Massachusetts brewers are pushing for a new law they say will level the playing field and allow them to move between distribution companies with fewer restrictions.
Brewers say the current law is archaic and is disadvantageous to small brewers who run the risk of signing on with a distribution company that may not operate with the brewers’ best interests in mind.
Since the repeal of Prohibition, alcohol has been distributed in the U.S. through a three-tier system: Brewers sell their product to distribution companies, who in turn market the product to retailers.
The system includes protections to keep large brewers from arbitrarily breaking contracts with mom-and-pop distributors.
In the last few decades, however, the proliferation of small breweries in Massachusetts and across the country has turned the tables, brewers say. Now, breweries say they have no real options to change wholesalers, although wholesalers argue that brewers’ complaints are overblown.
Rob Martin, president of the Massachusetts Brewers Guild and Ipswich Ale, said in a meeting with Daily News editors and reporters this week that brewers roll the dice when they enter an agreement with a distributor.
He said once a brewer makes an agreement with a distribution company, the wholesaler essentially owns the brand in its designated territory and it is extremely difficult to break that bond, even if a distributor is doing nothing to market the brand.

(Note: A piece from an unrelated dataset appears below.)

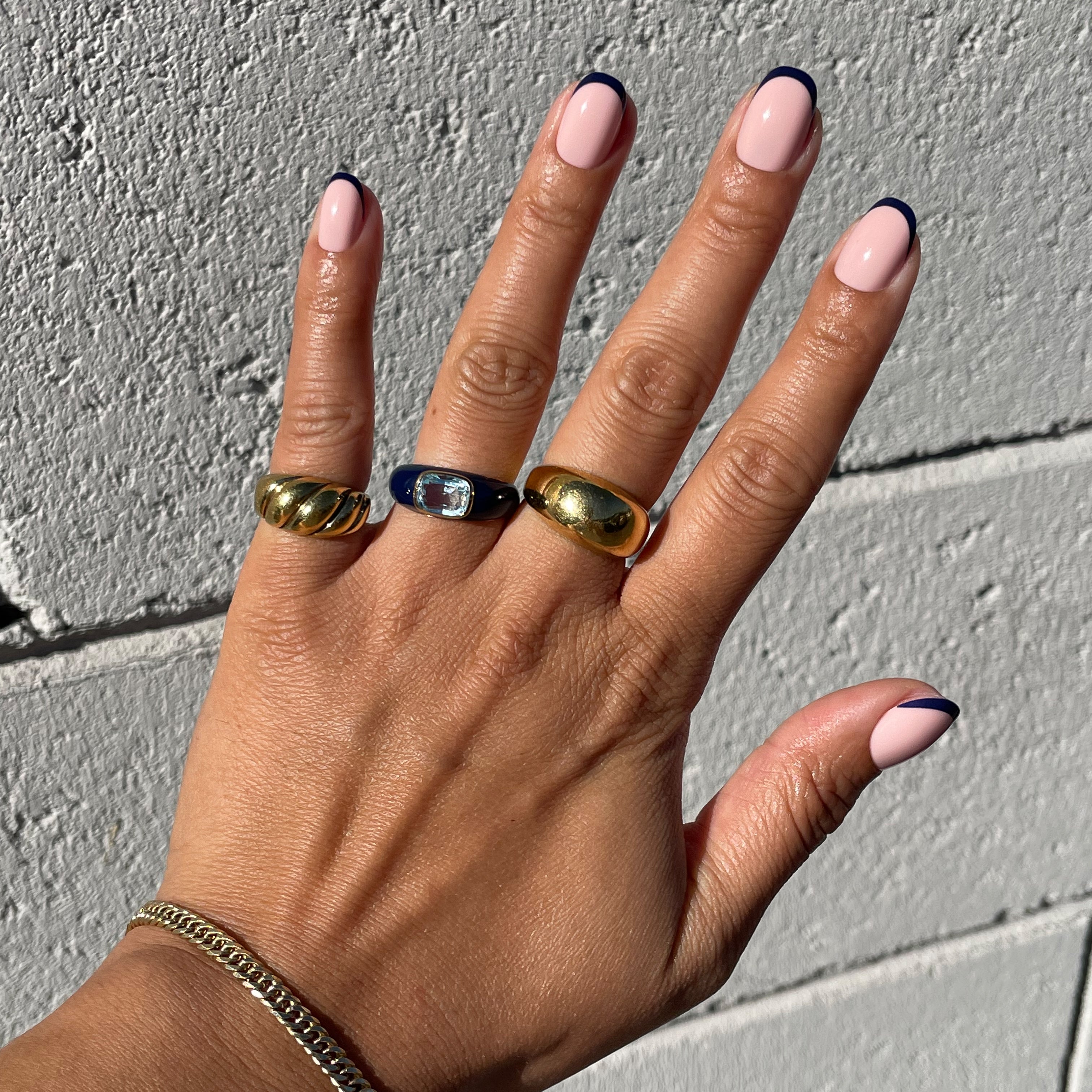 OMG Classic French Press-Ons | Round | Extra Short、mySite、solidvoid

“There is some very, very limited recourse and that is not enough,” Martin said. “This is really a marriage.”
Unless a distributor is defaming a product, he said, it can be nearly impossible to break off the relationship.
Martin said a side project of his was derailed by a distributor in Massachusetts.
Martin said he had started brewing Stone Cat Ale and released it to one of the same distributors he uses for Ipswich Ale. The distributor didn’t do much with the product but refused to release it back to him, forcing him to discontinue that brew, resulting in people losing their jobs.
Meanwhile, he said, distributors can trade brands with little input from brewers.
The legislation, now in the House, aims to give brewers an out when they feel a distributor is not holding up its end of the bargain.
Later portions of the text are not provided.